(Records shown)

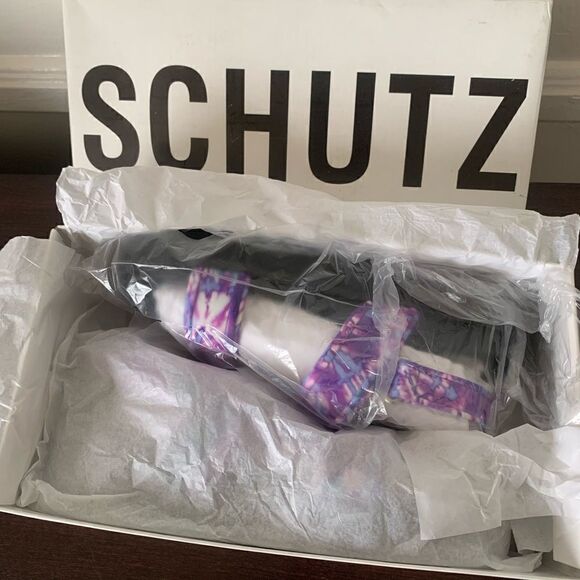 Schutz dariana platform tie due  leather sandal size 6 in purple - Picture 13 of 14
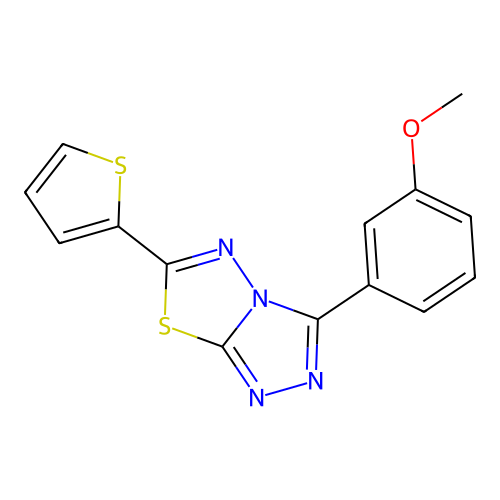 3-(3-Methoxyphenyl)-6-(thiophen-2-yl)[1,2,4]triazolo[3,4-b][1,3,4]thiadiazole structure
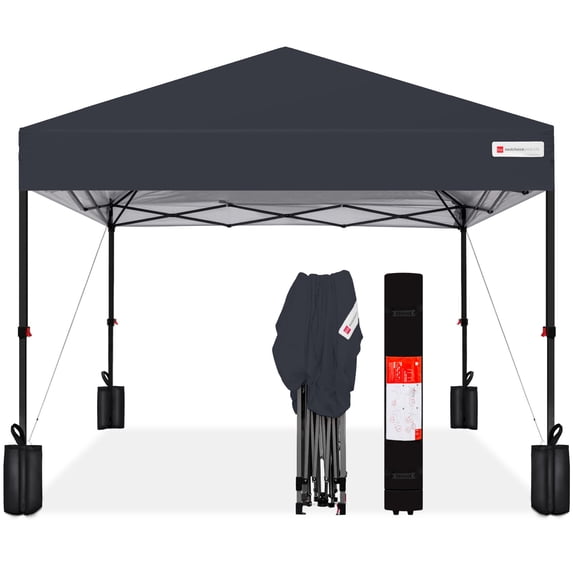 Best Choice Products 10x10ft Easy Setup Pop Up Canopy w/ 1-Button Setup, Wheeled Case, 4 Weight Bags - Gray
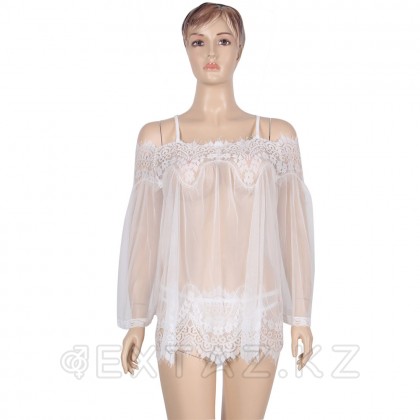 Прозрачная туника с цветочным принтом белая (размер XS-S) от sex shop Extaz фото 4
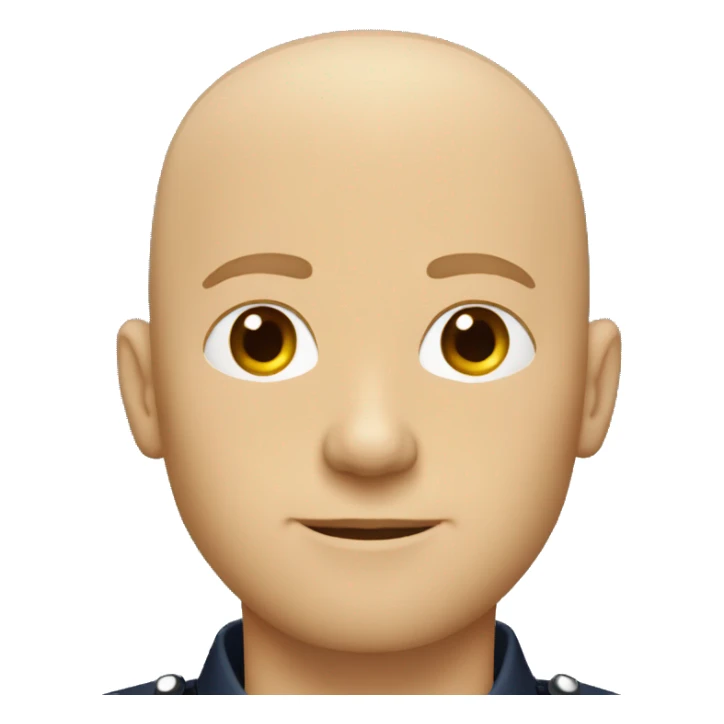 Bald Caucasian man with light beard in police uniform  sticker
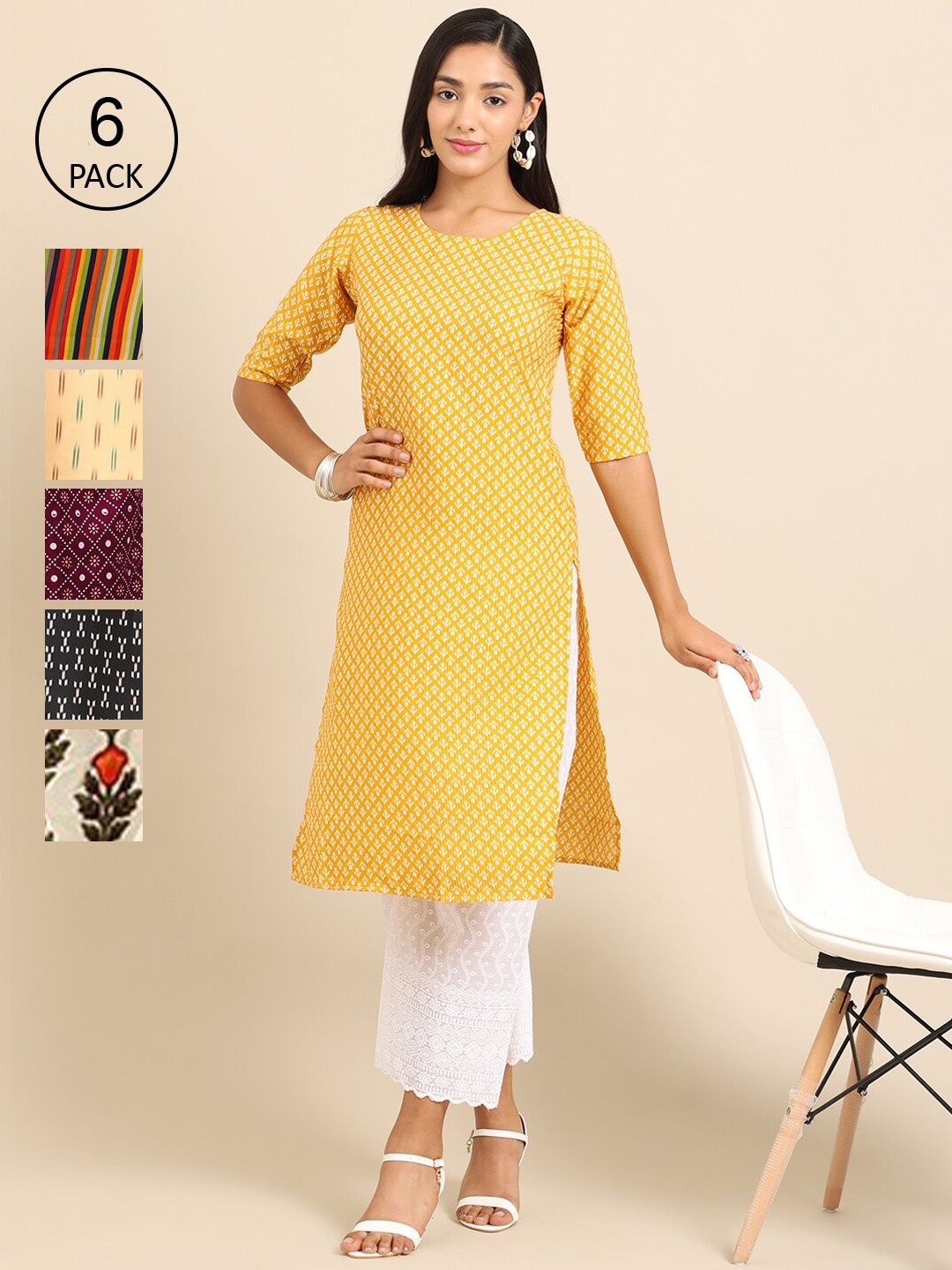 

7Threads Women Yellow & Beige Printed Crepe Kurta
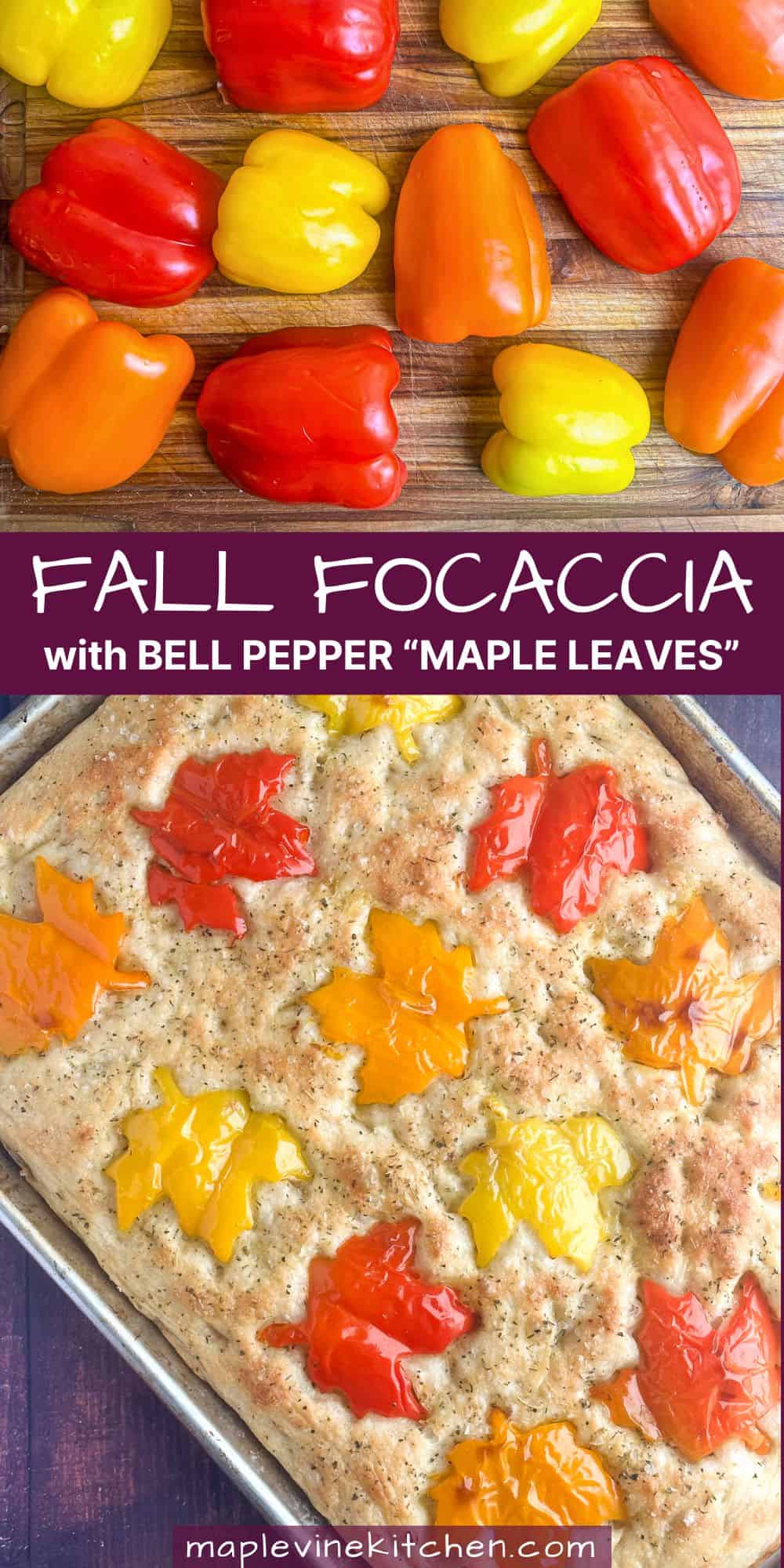 Colorful fall-themed focaccia with bell pepper maple leaves.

(End Records shown)

Pictures should not appear in the copy. Write out exactly the lines above from the first one through the line that contains "7Threads Women Yellow".

 Schutz dariana platform tie due  leather sandal size 6 in purple - Picture 13 of 14
 3-(3-Methoxyphenyl)-6-(thiophen-2-yl)[1,2,4]triazolo[3,4-b][1,3,4]thiadiazole structure
 Best Choice Products 10x10ft Easy Setup Pop Up Canopy w/ 1-Button Setup, Wheeled Case, 4 Weight Bags - Gray
 Прозрачная туника с цветочным принтом белая (размер XS-S) от sex shop Extaz фото 4
 Bald Caucasian man with light beard in police uniform  sticker

7Threads Women Yellow & Beige Printed Crepe Kurta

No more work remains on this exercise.